Minyatür sanatı, Asya kökenlidir. Türk resim sanatının bir türüdür. Türk toplumları tarafından tarihi varlık alanına çıkarılmıştır. Zaman içerisinde Türk İslam toplumlarını, İran ve Mezopotamya bölgelerini etkilemiştir. İran, Arap, Hint kültür çevrelerinde yaygınlaşmış, değişik üslup özelliklerine sahip olmuşlardır. Osmanlı İmparatorluğunun ilk üç yüz yılı içinde en gelişmiş bir düzeye ulaşmıştır (Minyatür ve Gravürlerle Osmanlı İmparatorluğu, 1999, s. 12).

“Türk süsleme sanatı Türklerin Orta Asya‟da varlık gösterdikleri dönemlerle birlikte gelişme göstermiştir” (Alp, 2009, s. 22)

İlk örnekleri İ.Ö 2. yüzyıldaki Mısır papirüsleri üzerinde görülür. Bizans, Süryani ve Kopt sanatlarında önemli bir yer tutar. Batıda, 8. yüzyılın sonunda Charlemagne‟ın (Şarlman) sarayında gelişme göstermiş ve daha sonra zaman zaman yaygınlaştığı dönemler olmuştur. Doğu minyatürün kökeni Orta Asya‟ya, Turfan bölgesinde bulunan Uygur duvar resimlerine (8. yüzyıl) uzanır. Oradan Selçuklulara geçen minyatür sanatı, 15. yüzyılda Herat, Şiraz, Tebriz gibi merkezlerde gelişmiştir. Aynı yüzyılda, II. Mehmet (Fatih) döneminde başlayarak Osmanlı minyatürü de gelişim çizgisi izledi. Ve II. Mehmet döneminde sarayda çalışan yabancı ressamların da bunda etkisi oldu (Milliyet Sanat Ansiklopedisi, 1991, s. 195).

“Eski Türklerin minyatür sanatına ilişkin en başarılı örnekleri Uygurlar tarafından verilmiştir” (Aslanapa, 1963, s. 126).

“İslamiyet‟ten önce Orta Asya‟da Uygurların üstün bir seviyeye çıkardıkları resim ve minyatür sanatı, İslamiyet‟ten sonra da çeşitli yollarla Anadolu‟ya intikal etmiştir” (Bektaşoğlu, 2008, s. 48).

İran, Mezopotamya ve Anadolu‟da, XI. yüzyılın ikinci yarısına kadar 1258 Moğol istilasına kadar İslam dünyasının hakimi Selçuklu Türkleriydi.
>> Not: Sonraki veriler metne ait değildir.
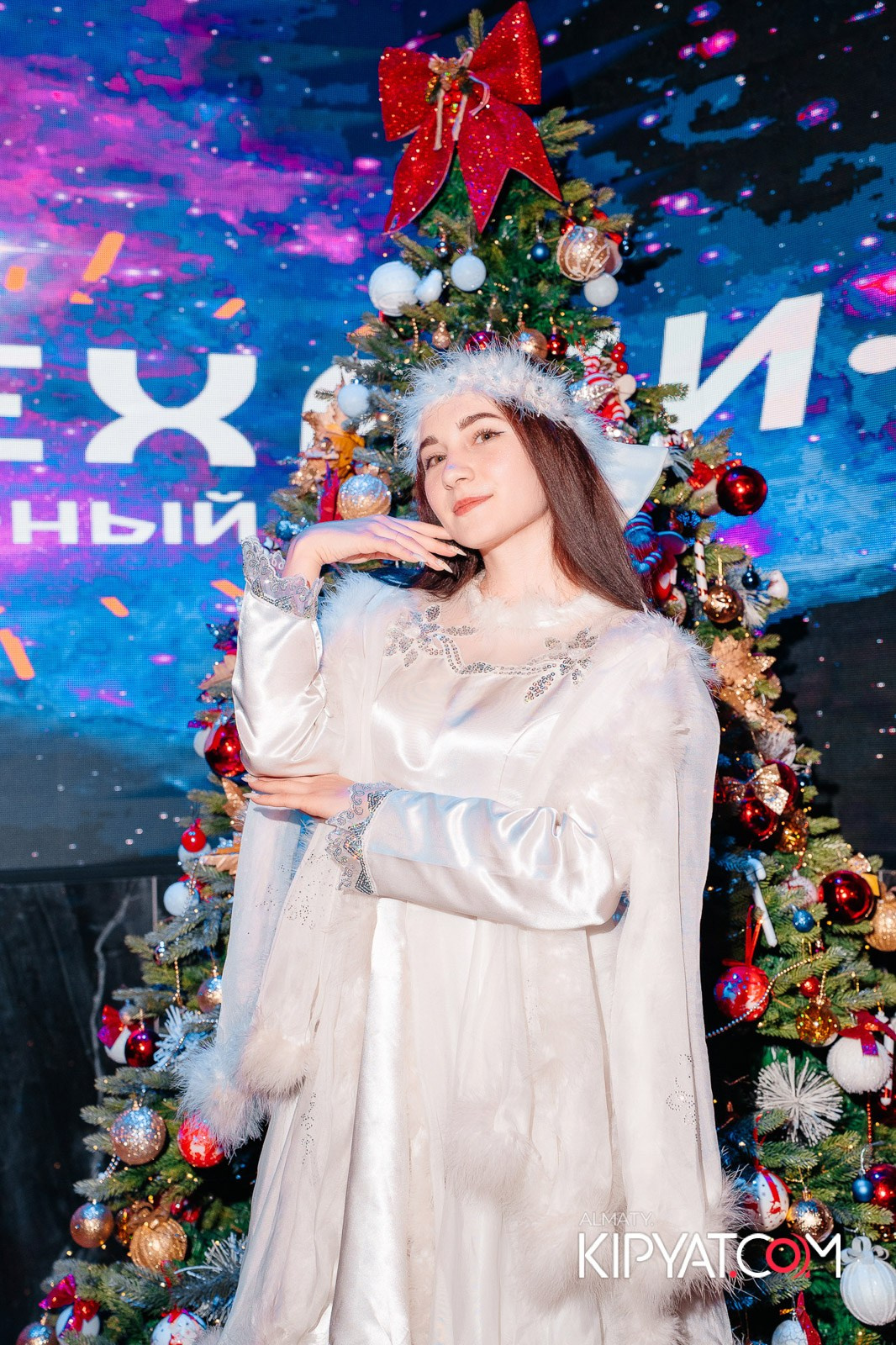 БАР ПАНАЕХАЛИ НА ТОЛЕ БИ. КИПЯТКОМ АЛМАТЫ!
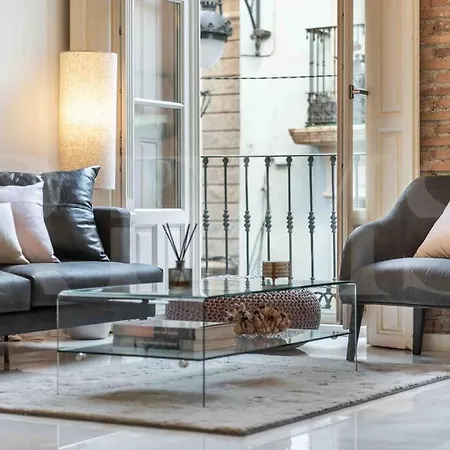 Luxurious In Center With Parking By Rems Malaga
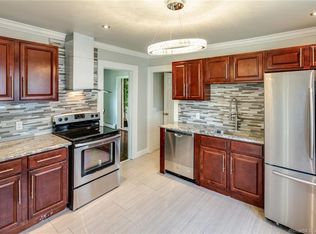 812 Nichols Ave, Stratford, CT 06614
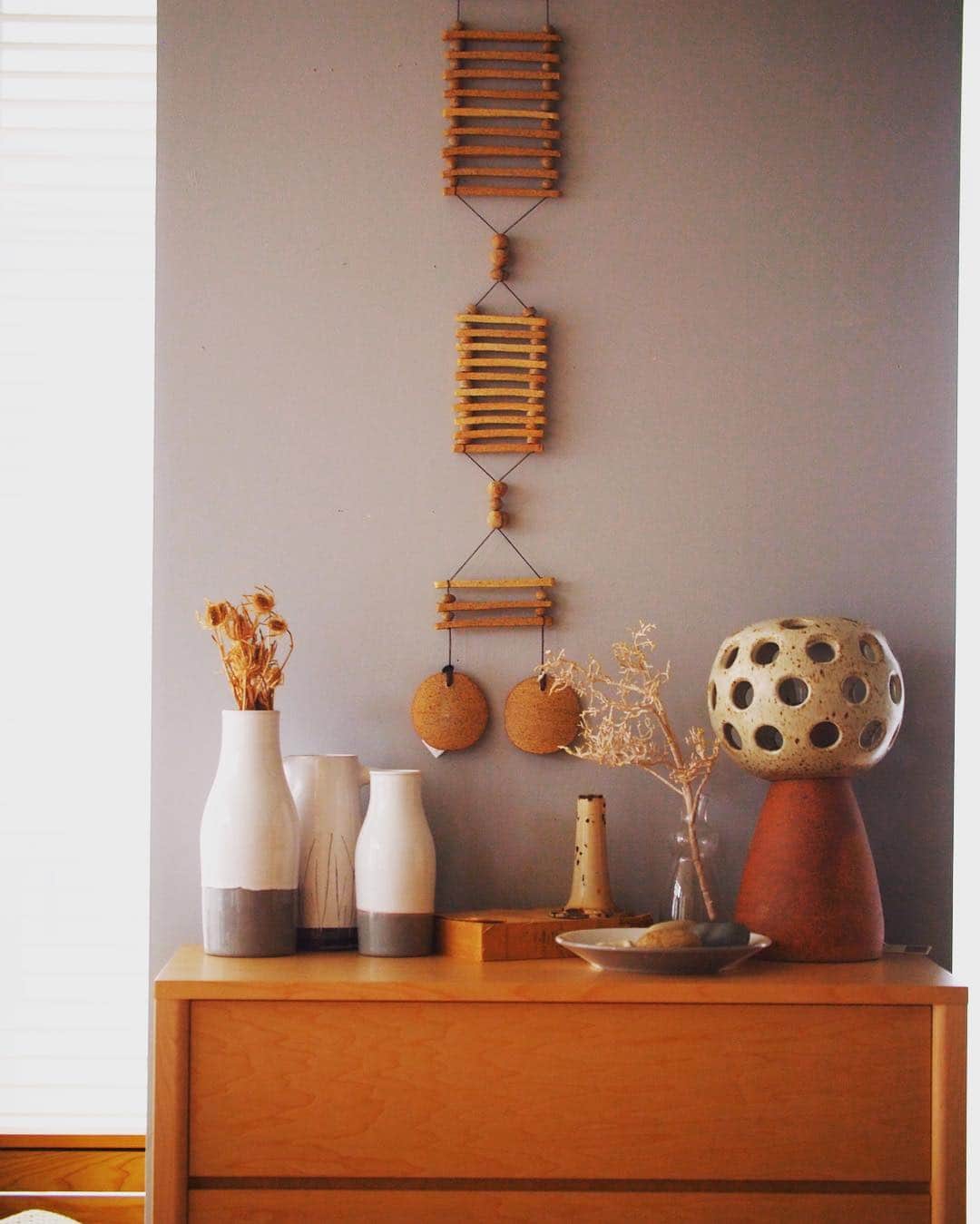 IDÉE／イデーさんのインスタグラム写真 - (IDÉE／イデーInstagram)「殺風景になりがちなチェストの上を趣味のもので飾ってみる。ウォールハンギングと陶器のデスクランプはロサンゼルスを拠点に活躍するセラミックアーティスト、Heather Levine（ヘザー・ルヴィーン）のもの。 #idee #interior #furniture #design #イデー #インテリア #家具 #jiyugaoka #heatherlevine #ceramics」9月21日 16時21分 - lifewithidee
Nitekim Bağdat‟ta ilk İslam minyatür mektebini açanlar, Selçuklu Türkleri olmuştur. Bu yüzden “Selçuklu çığırı” şeklinde tarif edebileceğimiz bu mektebin minyatürleri, Selçuklu sultan ve emirlerinin katip ve nakkaşları olan Uygurlu Türkler tarafından geliştirilmiştir (Binark‟tan aktaran Bektaşoğlu, 2008).

“15. yüzyıl Osmanlıların büyük asrıdır. Bilim, teknik ve sanatta bu ve sonraki yüzyılda büyük gelişme kaydetmiştir. Türk minyatür sanatı asıl gelişimini İstanbul‟un fethinden sonra göstermiştir” (Parlar, 1995, s. 30-31).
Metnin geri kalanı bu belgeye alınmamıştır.